The rock-paper-scissors game came to mind last week in reading news accounts of Secretary of State Hillary Clinton’s official visit to China. Despite her pledge as a Presidential candidate to be tough on China’s dismal human rights record — a pledge shared by Barack Obama — it appears that the world’s economic crisis will trump any serious effort, at least anytime soon, by the United States to persuade the Chinese to clean up their persistent abuses of basic human freedoms.
Those abuses are well documented and, unfortunately, pervasive. Last summer’s Beijing Olympics may have been a spectacular success as a sports and entertainment event, but the games came at the expense of ordinary Chinese citizens, thousands of whom were dragooned into huge work gangs to build various Olympic venues with little or no pay. Recent reports out of Africa portray the Chinese as pillaging that continent’s huge natural resources of oil and minerals in sweetheart arrangements with corrupt governments who, in turn, force thousands of destitute Africans to work as virtual slaves extracting the valuable deposits. The Chinese government’s backing of the genocidal government in Sudan should provoke global outrage, but instead has raised nary an eyebrow except among committed human rights activists.
The economic crisis is real, and certainly a top priority for government attention and action. But are human rights and essential freedoms only important when times are good, credit is flowing and jobs are plentiful? Apparently, the rock-paper-scissors answer is that among competing priorities confronting nations, the protection of the rights of individuals must wait for better days.


The economy has to be our number one priority. How is America supposed to dabble in the affairs of other nations when half of America is struggling to pay the bills. Am I sorry that China has such significant human rights issues? Yes. Am I willing to waste time and money on human rights issues on the other side of the globe when that time and money can be spent in an effort to bring us out of this recession? No. The American people need to be this nation’s number one priority.
Robert, you should be ashamed of yourself. The Chinese people need our help and I am angered at the stance Hillary has taken to save face in these economic times.
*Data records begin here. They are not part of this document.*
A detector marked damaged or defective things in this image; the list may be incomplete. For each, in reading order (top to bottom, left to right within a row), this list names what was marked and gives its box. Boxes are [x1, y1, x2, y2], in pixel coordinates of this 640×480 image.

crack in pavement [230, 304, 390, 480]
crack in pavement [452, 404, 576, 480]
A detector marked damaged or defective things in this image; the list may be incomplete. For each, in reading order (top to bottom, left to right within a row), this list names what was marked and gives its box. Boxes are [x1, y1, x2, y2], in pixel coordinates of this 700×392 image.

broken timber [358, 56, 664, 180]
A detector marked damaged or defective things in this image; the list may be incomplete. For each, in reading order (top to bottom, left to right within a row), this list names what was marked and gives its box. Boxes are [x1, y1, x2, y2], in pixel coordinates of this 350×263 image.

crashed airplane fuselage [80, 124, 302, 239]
Even at a time of economic turmoil the United States is the only nation in the world who could successfully bring about change and repair the human rights issues in China. We have all read the documented reports of the Chinese workers at the Olympics and the Chinese governmental support of the genocide in the Sudan. How much more proof do we need? How can Hillary say this issue must take a back seat when during her campaign she addressed it as an issue of importance? I am disappointed.
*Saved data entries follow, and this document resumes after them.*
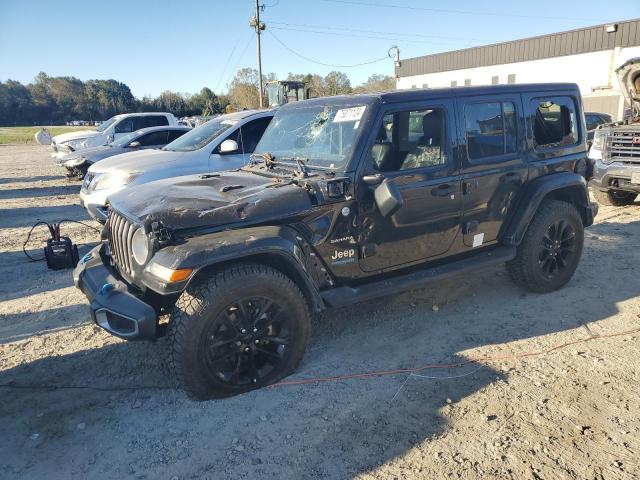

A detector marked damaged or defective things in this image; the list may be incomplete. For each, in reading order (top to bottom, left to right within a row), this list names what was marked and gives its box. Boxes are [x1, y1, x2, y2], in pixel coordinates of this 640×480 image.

damaged hood [616, 57, 640, 113]
cracked windshield [254, 103, 368, 169]
damaged hood [109, 170, 314, 232] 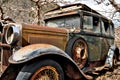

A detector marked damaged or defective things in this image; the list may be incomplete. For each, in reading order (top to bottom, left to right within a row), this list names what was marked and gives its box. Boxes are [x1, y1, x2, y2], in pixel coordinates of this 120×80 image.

rusted front fender [7, 43, 91, 79]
Tyrone, Robert is simply being a realist. Without our markets, capitalism in China will fail. Without capitalism in China the people there will continue to suffer indignities. We need China and China needs us. It’s like putting on an oxygen mask in the airplane – do yours first before you try to assist others. Otherwise we all perish.
the us should not take thy man power to supress the chinese but thy should forcus on thy work
Well, Well, I have been writing about and chiding the US government about our dismal record of friendships with the Human rights abusers around the globe for years, Saudi Arabia, Egypt and Pakistan among them. Our own record on human rights is pretty sorry also.